TBT to Index’s Wolfgang Tillmans Interview

We’ve spent a lot of time perusing old copies of Index Magazine of late. The atmosphere contained within the pages is always buzzy and a lot of that has to do with the photography. Tillman’s was responsible for a rather large proportion of Index’s covers and covers set the tone. They always managed to find the perfect settings to shoot the perfect people. And the interviews were glorious, with interviewees that often had their own thing going on.

This Wolfgang Tilman’s interview that they conducted is a perfect example. With Peter Halley and Bob Nickas on interview duty. We’ve included an excerpt below but check out the full interview here.


 

BN: I’m thinking of the word “democratic,” because when I started looking at more of your photographs, I couldn’t always tell the difference between what were personal pictures, and what was commercial work. And I realized there’s a kind of blurring between them in your work. In other words, with some photographers, their commercial work looks like it’s what they were hired to do. And the other work is personal. But in yours they kind of flow into each other much more.
WT: I just make my work, and there’s only one kind of work that I do. But then, I put it out into the world, and it instantly starts to travel. People start to claim it for whatever field they think it sits in. So I actually don’t control the framework in which my work circulates.
My staged work looks so real that people actually take it for documentary. But, in fact, that is my intention, to disguise the manufacturedness of it. Half of my work, or probably more than that, is staged.

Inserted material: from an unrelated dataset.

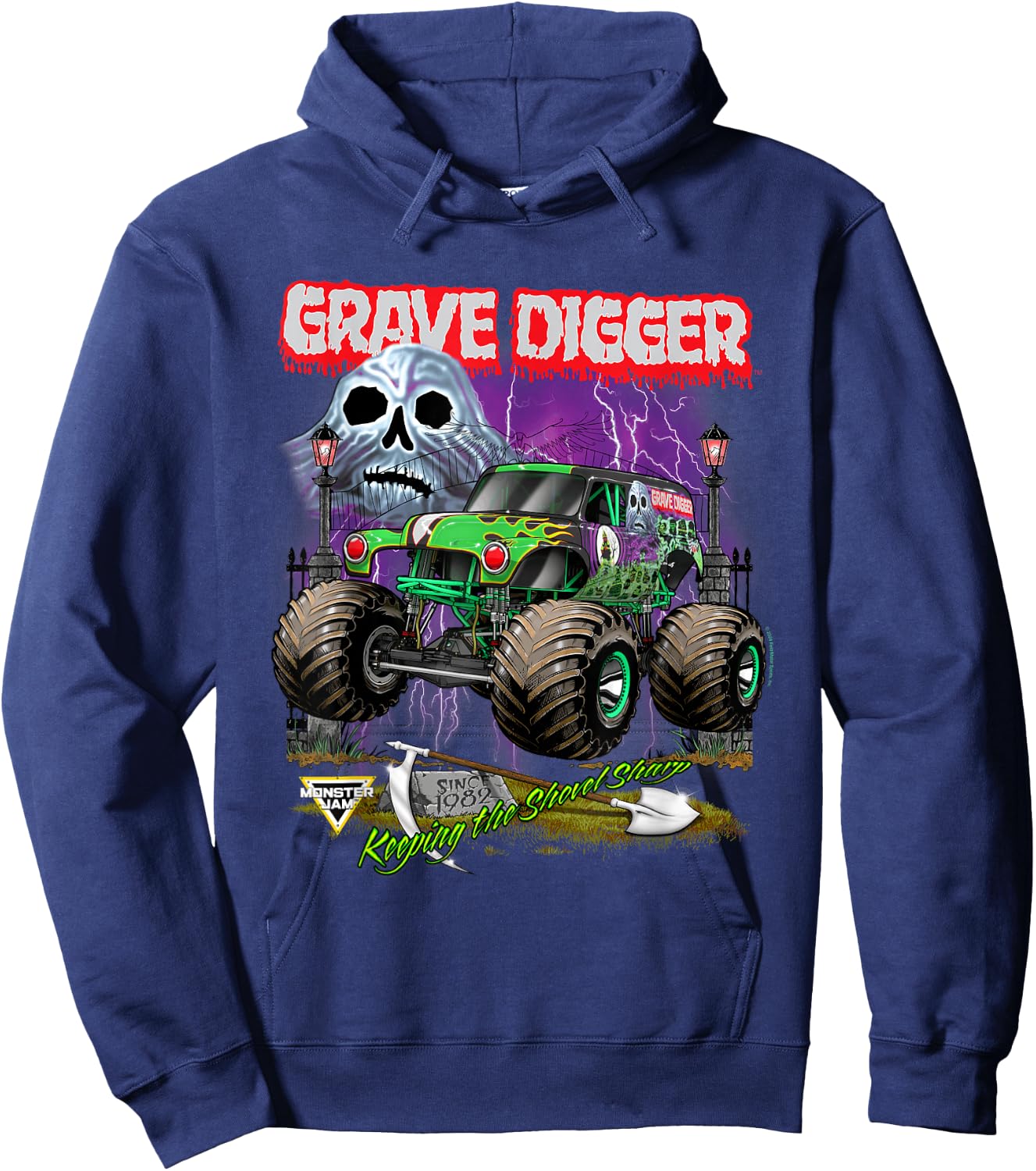 Monster Jam Grave Digger Shovel Sharp Hoodie - Hoodie | Navy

PH: This is contradictory to what you were saying at first, that you went into shoots without pre-expectations.
WT: That’s the thing, I go into an index cover shoot without expectations because there is nothing I can expect because I don’t know who I’m meeting. But there are a lot of themes and images that I have in my head, that I stage with people, with models. And then, in order to distribute them into the world, you use fashion channels. So I use the fashion magazine kind of as my platform to publish my storyboards. I inject my personal visions into the world, by making them look real, or looking like a club shot or like a fashion shot.
But actually, what I do is I enact situations with my models or friends so I can see what they look like. There’s the photo of those people sitting in the trees. Or those people lying on the beach. The woman with her hands wrapped around her head. All those were planned images.

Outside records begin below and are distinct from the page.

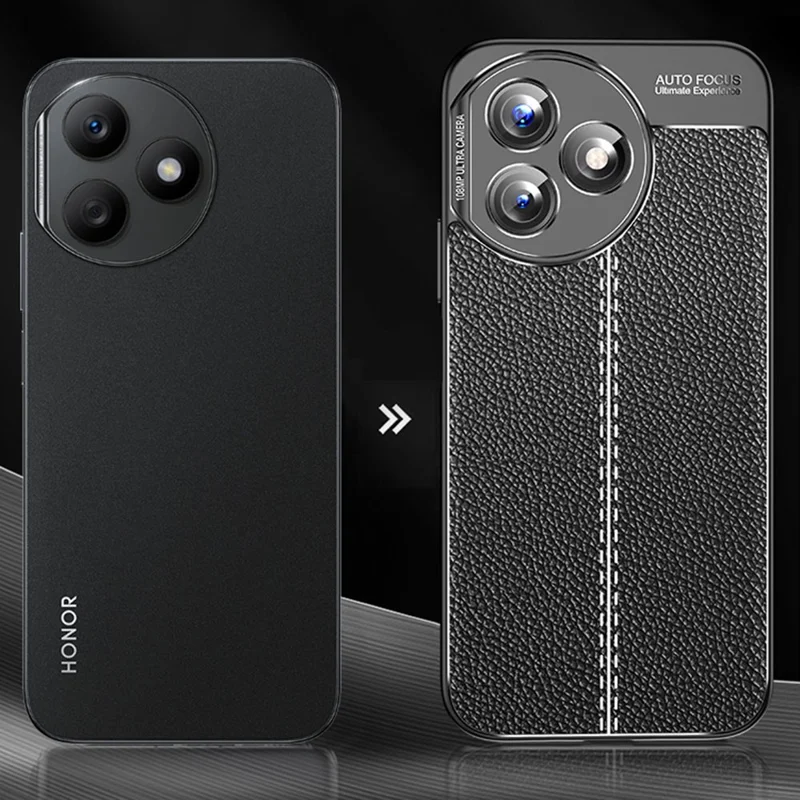 For Honor X50i+ 5G Case Litchi Texture Anti-scratch TPU Phone Shell Cover - Blue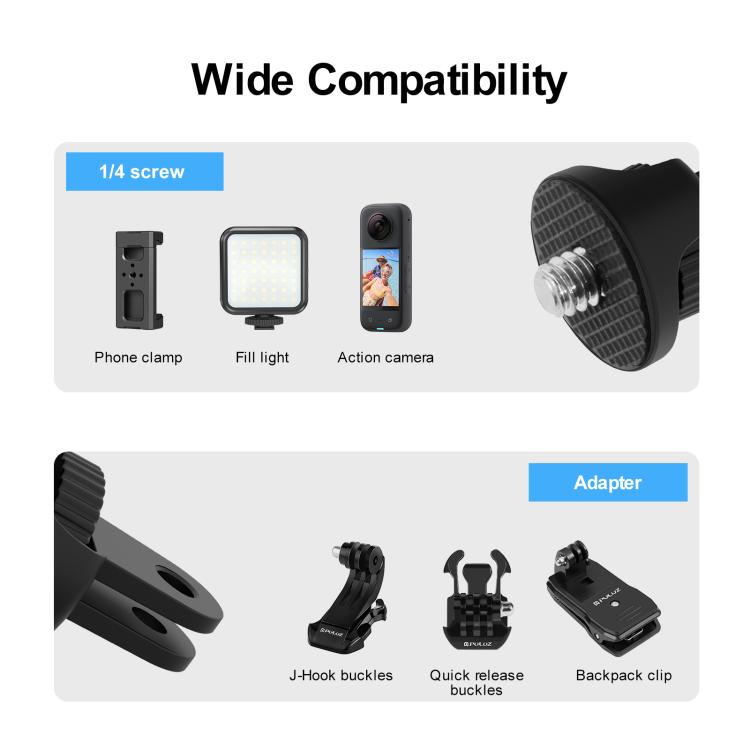 PULUZ 適用於GoPro/Insta360 運動相機1/4可調節ABS轉接頭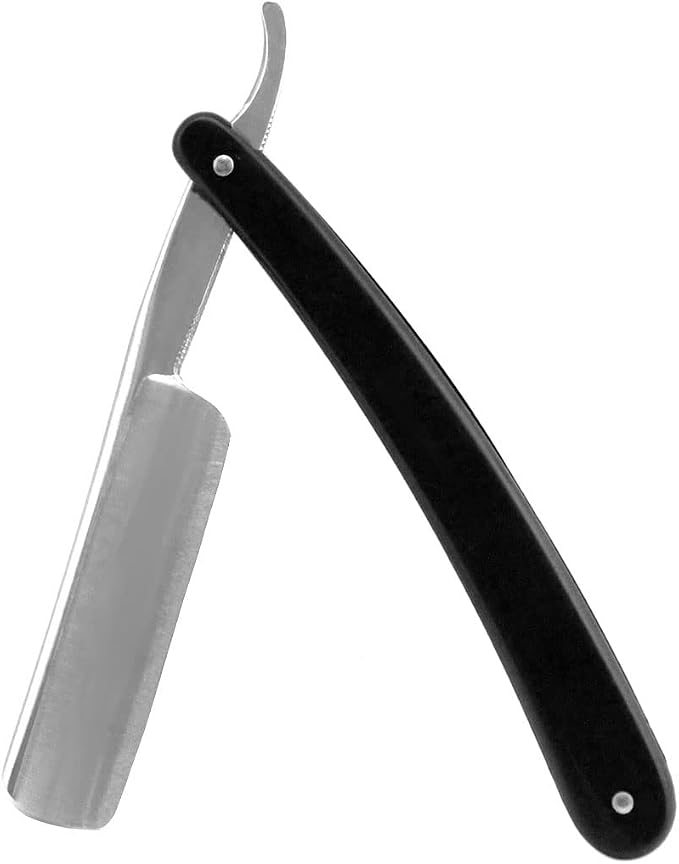 Grandslam Shaving Straight Razor Kit, Steel Cutthroat Straight Razor With Leather Strop, Shaving Brush, Stainless Steel Shaving Bowl and Stand, Shaving Soap, Gift for Men, Black…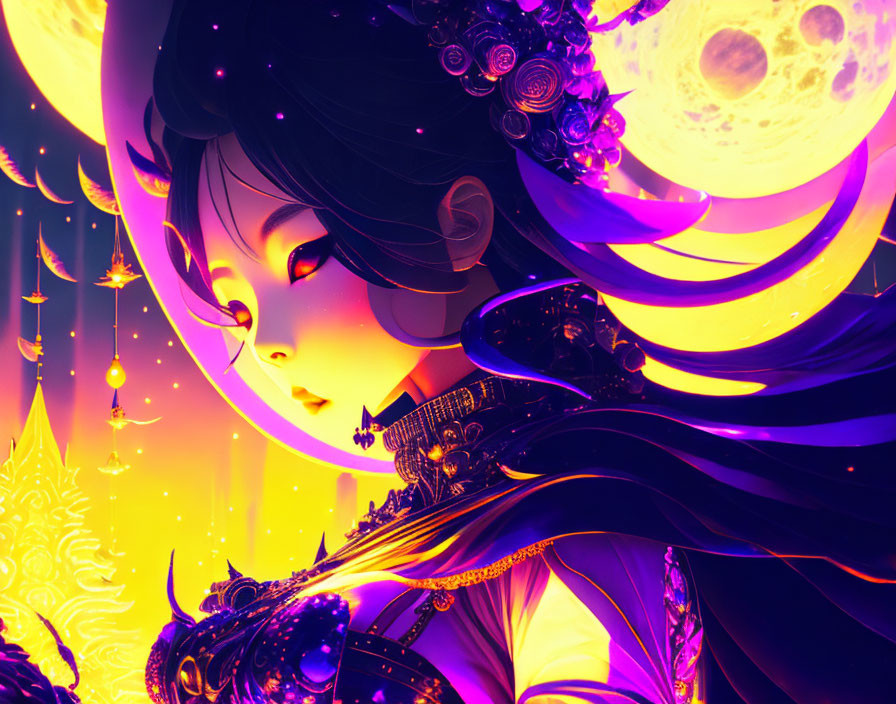 Digital artwork: Stylized female character with purple hair and floral decorations in fantasy setting.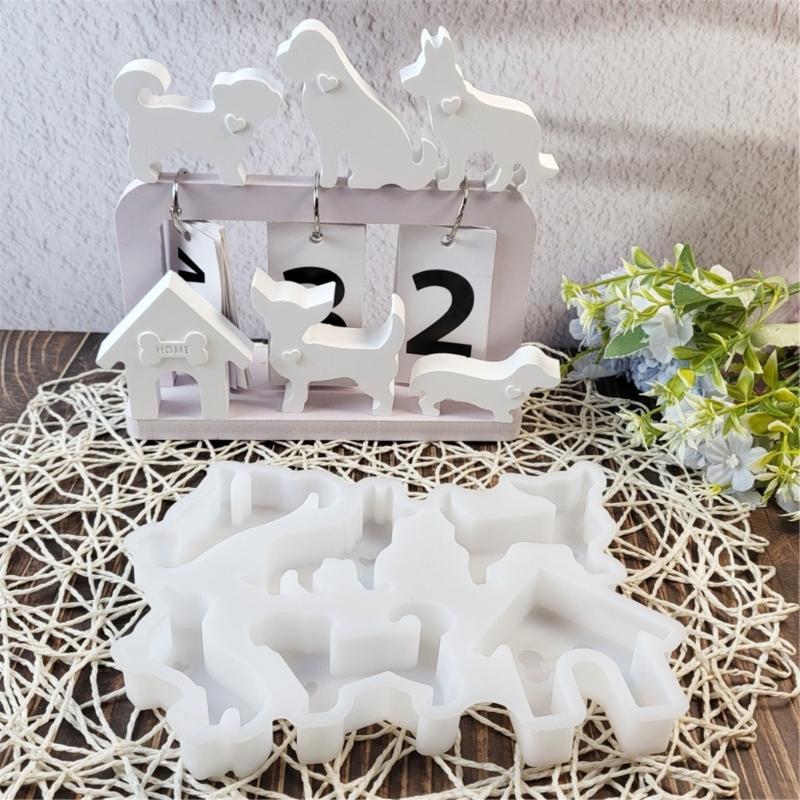 Hunde Familie Ornament Silikon Kerzenformen für handgemachte Kerzen Seifenherstellung Zement Gips Silikonformen für Kunsthandwerk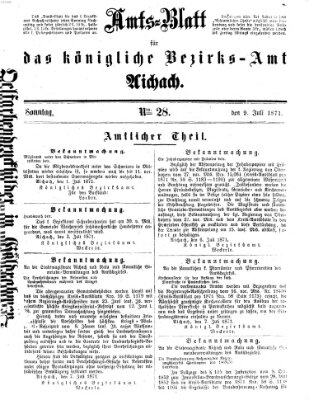 Amtsblatt für das Bezirksamt und Amtsgericht Aichach Sonntag 9. Juli 1871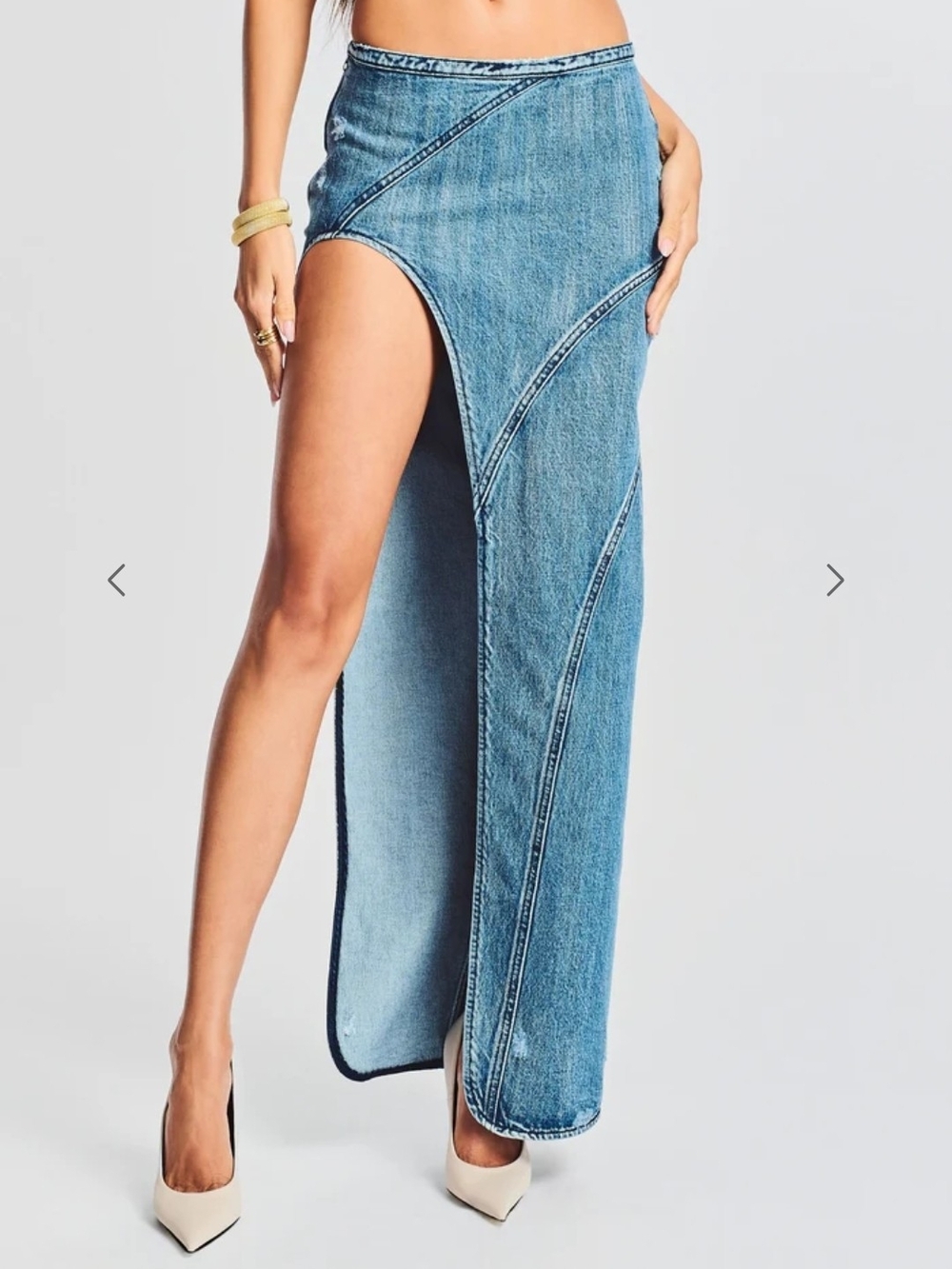 Retrofete Mecha Reversible  Denim High-Slit Maxi Skirt - Blue, Size M, EUC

PH: But by “staged” you just mean you move people around a bit?
WT: No, I tell them what to do, and I choose the clothes, I choose the location, and I set them up in their positions.

BN: It sounds a bit like a little scene from a movie …
WT: Yeah, but it’s a kind of post-art photography. It’s no longer about — “Look how much an artist I am, how controlled it is.” It’s confident enough to use photography to its fullest extent without constantly pointing at how I’m controlling the whole process.

PH: Do you identify strongly with the cinema verité tradition, or the street photography tradition?
BN: There was the famous TV series, An American Family, where the everyday life of a California family was filmed in their own house for a whole year.
WT: No, I’m actually not very interested in finding, in collecting these moments. I’m looking for the one definitive picture of a person or a situation.